## Required work
Once the line with "英雄联盟：天才少年的赛场辉煌与陨落" is found in the entries below, print it and each following line exactly, stopping after the line with "How Can Blood"; print nothing else.

## Data provided
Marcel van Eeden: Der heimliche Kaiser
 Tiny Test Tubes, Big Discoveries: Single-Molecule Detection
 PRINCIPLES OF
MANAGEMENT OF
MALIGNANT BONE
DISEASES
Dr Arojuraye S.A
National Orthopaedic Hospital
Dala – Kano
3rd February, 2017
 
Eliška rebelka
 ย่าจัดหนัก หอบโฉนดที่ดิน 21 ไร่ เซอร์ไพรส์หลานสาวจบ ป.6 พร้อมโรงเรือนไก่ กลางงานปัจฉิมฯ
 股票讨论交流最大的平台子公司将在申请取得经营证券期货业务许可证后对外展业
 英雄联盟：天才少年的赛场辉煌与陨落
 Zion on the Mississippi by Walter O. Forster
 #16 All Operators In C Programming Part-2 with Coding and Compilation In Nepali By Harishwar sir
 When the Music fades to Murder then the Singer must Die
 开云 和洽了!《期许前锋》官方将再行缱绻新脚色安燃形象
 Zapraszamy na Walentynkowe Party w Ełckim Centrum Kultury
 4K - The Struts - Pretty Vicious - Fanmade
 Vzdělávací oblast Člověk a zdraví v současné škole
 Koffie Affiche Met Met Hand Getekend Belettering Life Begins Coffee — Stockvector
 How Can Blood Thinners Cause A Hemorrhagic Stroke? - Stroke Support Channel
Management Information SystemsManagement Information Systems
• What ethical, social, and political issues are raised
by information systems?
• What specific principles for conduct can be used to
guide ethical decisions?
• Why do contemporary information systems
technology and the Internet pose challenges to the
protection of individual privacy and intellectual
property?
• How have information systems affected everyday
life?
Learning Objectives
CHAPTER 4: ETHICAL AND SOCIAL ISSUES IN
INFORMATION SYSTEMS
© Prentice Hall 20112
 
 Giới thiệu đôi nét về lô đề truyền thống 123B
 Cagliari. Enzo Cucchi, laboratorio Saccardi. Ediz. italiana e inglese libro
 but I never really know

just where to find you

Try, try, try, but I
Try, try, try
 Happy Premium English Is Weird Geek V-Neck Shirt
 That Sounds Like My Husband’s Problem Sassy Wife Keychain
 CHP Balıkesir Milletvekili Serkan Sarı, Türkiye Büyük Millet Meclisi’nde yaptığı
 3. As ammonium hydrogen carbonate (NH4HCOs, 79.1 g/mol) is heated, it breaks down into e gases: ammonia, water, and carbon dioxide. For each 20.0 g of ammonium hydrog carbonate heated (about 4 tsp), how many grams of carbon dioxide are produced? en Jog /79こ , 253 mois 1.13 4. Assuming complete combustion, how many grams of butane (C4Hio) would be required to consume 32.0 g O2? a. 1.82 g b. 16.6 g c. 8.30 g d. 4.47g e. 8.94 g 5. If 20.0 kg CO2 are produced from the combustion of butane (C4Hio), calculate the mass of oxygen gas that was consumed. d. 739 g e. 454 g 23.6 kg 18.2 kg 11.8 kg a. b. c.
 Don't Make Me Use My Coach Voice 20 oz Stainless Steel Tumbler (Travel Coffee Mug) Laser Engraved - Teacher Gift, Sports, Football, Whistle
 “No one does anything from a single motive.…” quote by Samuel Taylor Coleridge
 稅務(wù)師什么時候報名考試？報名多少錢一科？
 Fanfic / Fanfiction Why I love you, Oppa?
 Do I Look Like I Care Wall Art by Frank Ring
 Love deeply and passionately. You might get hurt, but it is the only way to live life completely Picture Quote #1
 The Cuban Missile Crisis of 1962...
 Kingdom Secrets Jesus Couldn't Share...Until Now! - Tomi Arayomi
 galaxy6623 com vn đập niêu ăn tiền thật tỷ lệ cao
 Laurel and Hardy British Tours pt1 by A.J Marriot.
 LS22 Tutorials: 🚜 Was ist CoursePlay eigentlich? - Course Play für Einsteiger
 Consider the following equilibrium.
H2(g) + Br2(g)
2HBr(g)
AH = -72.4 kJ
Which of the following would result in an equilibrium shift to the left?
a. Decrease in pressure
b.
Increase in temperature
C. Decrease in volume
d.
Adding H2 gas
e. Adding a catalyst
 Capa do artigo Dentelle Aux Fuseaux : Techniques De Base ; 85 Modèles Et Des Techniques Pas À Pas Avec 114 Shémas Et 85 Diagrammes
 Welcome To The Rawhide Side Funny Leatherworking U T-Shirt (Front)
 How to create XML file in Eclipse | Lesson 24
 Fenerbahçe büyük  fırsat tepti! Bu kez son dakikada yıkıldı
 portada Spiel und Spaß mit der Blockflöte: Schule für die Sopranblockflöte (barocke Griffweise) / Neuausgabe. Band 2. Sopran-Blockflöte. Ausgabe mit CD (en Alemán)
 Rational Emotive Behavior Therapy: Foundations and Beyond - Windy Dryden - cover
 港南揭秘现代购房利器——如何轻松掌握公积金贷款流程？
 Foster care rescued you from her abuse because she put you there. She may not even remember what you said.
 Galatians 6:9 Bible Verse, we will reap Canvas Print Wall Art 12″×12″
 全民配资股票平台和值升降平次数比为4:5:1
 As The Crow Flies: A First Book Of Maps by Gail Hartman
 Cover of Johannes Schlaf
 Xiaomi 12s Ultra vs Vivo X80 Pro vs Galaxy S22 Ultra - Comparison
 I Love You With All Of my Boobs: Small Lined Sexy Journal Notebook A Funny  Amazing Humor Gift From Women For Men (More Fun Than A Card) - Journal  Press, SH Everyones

## Response to this task
 英雄联盟：天才少年的赛场辉煌与陨落
 Zion on the Mississippi by Walter O. Forster
 #16 All Operators In C Programming Part-2 with Coding and Compilation In Nepali By Harishwar sir
 When the Music fades to Murder then the Singer must Die
 开云 和洽了!《期许前锋》官方将再行缱绻新脚色安燃形象
 Zapraszamy na Walentynkowe Party w Ełckim Centrum Kultury
 4K - The Struts - Pretty Vicious - Fanmade
 Vzdělávací oblast Člověk a zdraví v současné škole
 Koffie Affiche Met Met Hand Getekend Belettering Life Begins Coffee — Stockvector
 How Can Blood Thinners Cause A Hemorrhagic Stroke? - Stroke Support Channel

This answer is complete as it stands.